*** Records supplied
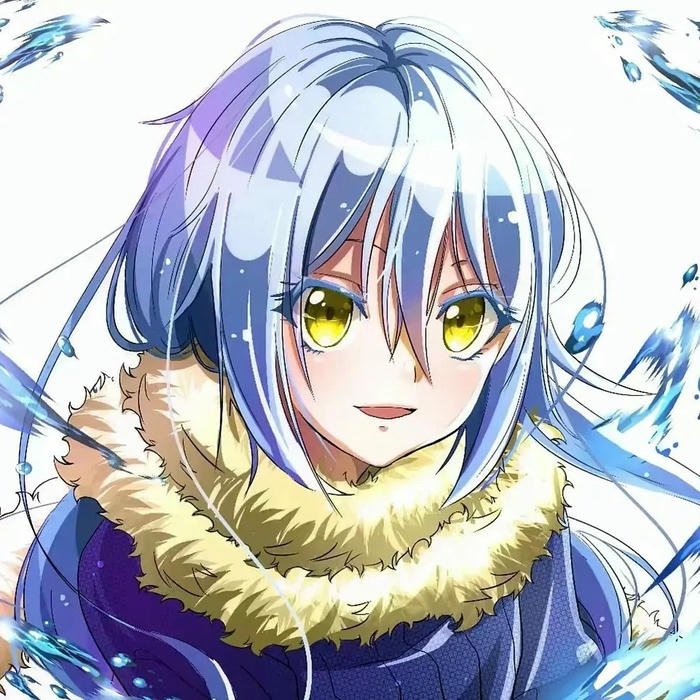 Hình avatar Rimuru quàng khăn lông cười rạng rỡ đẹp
******
*** Records supplied
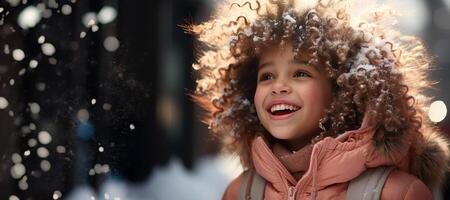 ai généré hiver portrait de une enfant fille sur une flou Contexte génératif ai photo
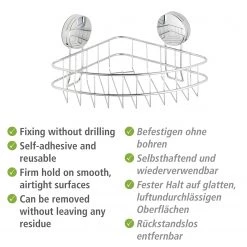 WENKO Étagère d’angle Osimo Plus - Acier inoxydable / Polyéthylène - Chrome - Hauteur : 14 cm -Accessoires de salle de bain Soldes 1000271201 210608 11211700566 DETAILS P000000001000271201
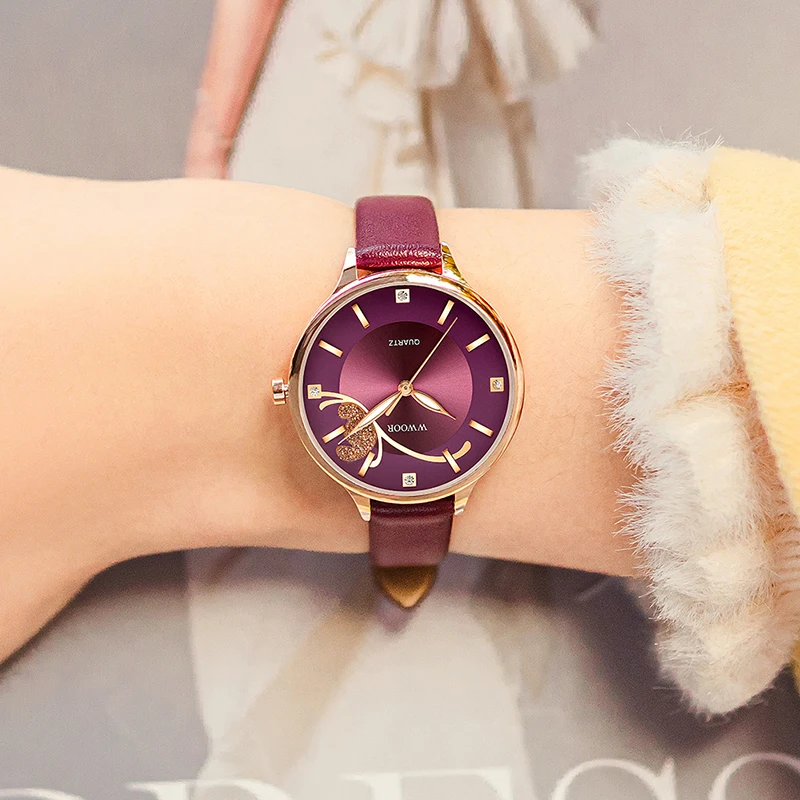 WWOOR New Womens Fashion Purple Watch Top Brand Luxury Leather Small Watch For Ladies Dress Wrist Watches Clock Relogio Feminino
******
Within the listing above, the lines from the one with "WENKO Étagère d’angle" through the one with "WWOOR New Womens" are to be given again word for word. Do not include pictures.

Solved exercise:
 WENKO Étagère d’angle Osimo Plus - Acier inoxydable / Polyéthylène - Chrome - Hauteur : 14 cm -Accessoires de salle de bain Soldes 1000271201 210608 11211700566 DETAILS P000000001000271201
 WWOOR New Womens Fashion Purple Watch Top Brand Luxury Leather Small Watch For Ladies Dress Wrist Watches Clock Relogio Feminino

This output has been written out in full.